Answer: Sperm can survive for a long time under the right circumstances. In a woman’s body we think that 72 hours is approximately correct, but the data supporting this estimate is not conclusive. In the lab, sperm can live 5 days or more provided they are removed from the seminal fluid and placed in a more nurturing environment. Seminal fluid contains many enzymes that first clot and then liquefy. This change in the fluid allows the ejaculated sperm to stay in the vagina initially, but then swim out as the seminal fluid becomes more liquid. These enzymes quickly destroy any sperm that can’t swim out of the semen within a few hours.
It takes approximately 72 days for sperm to mature in the body. During the last 14 days of this process, the sperm are very much alive and swimming. They are alive a long time prior to leaving a man’s body.
During freezing, sperm are cooled to a very low sub zero temperature (minus 196 degrees Centigrade). At that temperature, all biological activity is effectively stopped. The sperm cells are not metabolizing or depleting their energy reserves. They are truly in suspended animation. Bacteria or other microbes cannot attack or degrade the sperm in any way because they are also unable to function at such a low temperature. Everything is on hold.
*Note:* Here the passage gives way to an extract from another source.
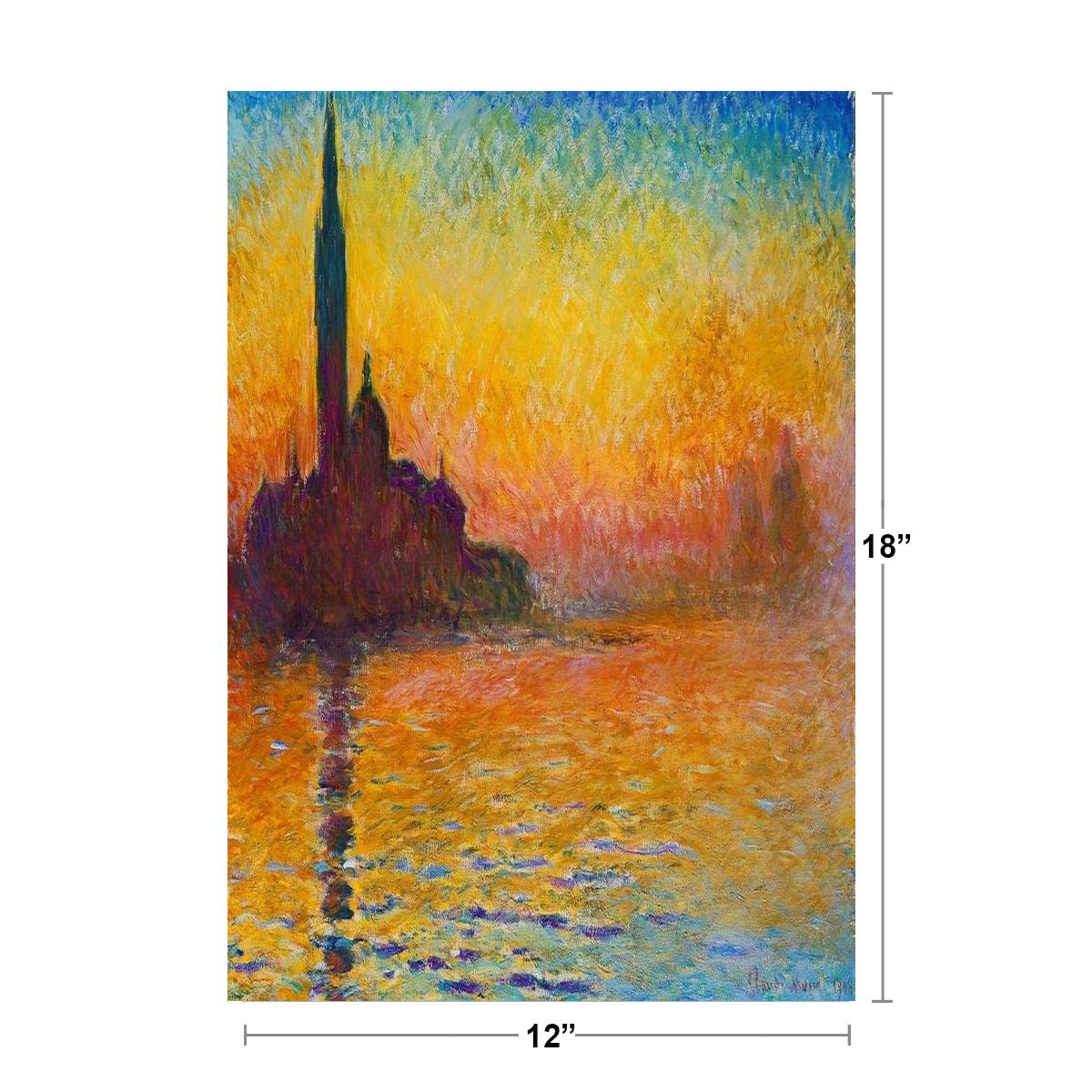 Claude Monet Sunset Dusk Twilight in Venice Painting Art Cool Wall Decor Art Print Poster 18x12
Biologists believe that correctly frozen cells in long term storage can literally last forever, as long as the temperature is properly maintained. It is believed that constant exposure to normal levels of background radiation is the only thing that could cause loss of viability and this effect is difficult to measure. Studies done in the 1970’s, exposing frozen mouse embryos to the equivalent of 2,000 years of background radiation, showed no measurable mutagenic effects in offspring.
Cryobiology is a relatively new science, and human fertility treatments are newer still. Consequently, in humans there are no long term results with frozen sperm or embryos. There are a handful of reports showing babies born from embryos that had been frozen for 12-15 years. A couple in New York had a child in 2005 from sperm that had been stored for 28 years. Sperm frozen for domestic animal species have a longer record because samples frozen in the 1950’s are still viable.
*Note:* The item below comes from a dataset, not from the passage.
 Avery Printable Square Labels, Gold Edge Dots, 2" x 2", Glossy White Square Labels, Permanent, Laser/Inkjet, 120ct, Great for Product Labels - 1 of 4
The process used for freezing is very precise and works best when cells exist individually (such as sperm) or in very small groups (such as an embryo). Larger masses of cells, tissues or even whole bodies cannot be frozen and subsequently thawed alive. It is not currently possible to freeze and thaw a whole ovary or kidney.
To successfully freeze cells we must remove cell water (water expansion during freezing would burst the cell) and replace the water inside the cell with antifreeze. This is done by incubating the cells in a solution of antifreeze. The water and antifreeze swap places through the process of simple osmosis. In a complex tissue like an ovary, there is no way to get all the water out of all of the cells so easily, thus a whole ovary cannot be frozen. If the ovary is chopped up into tiny pieces however, more water can be extracted. Some success has been reported with freezing ovarian pieces in this way.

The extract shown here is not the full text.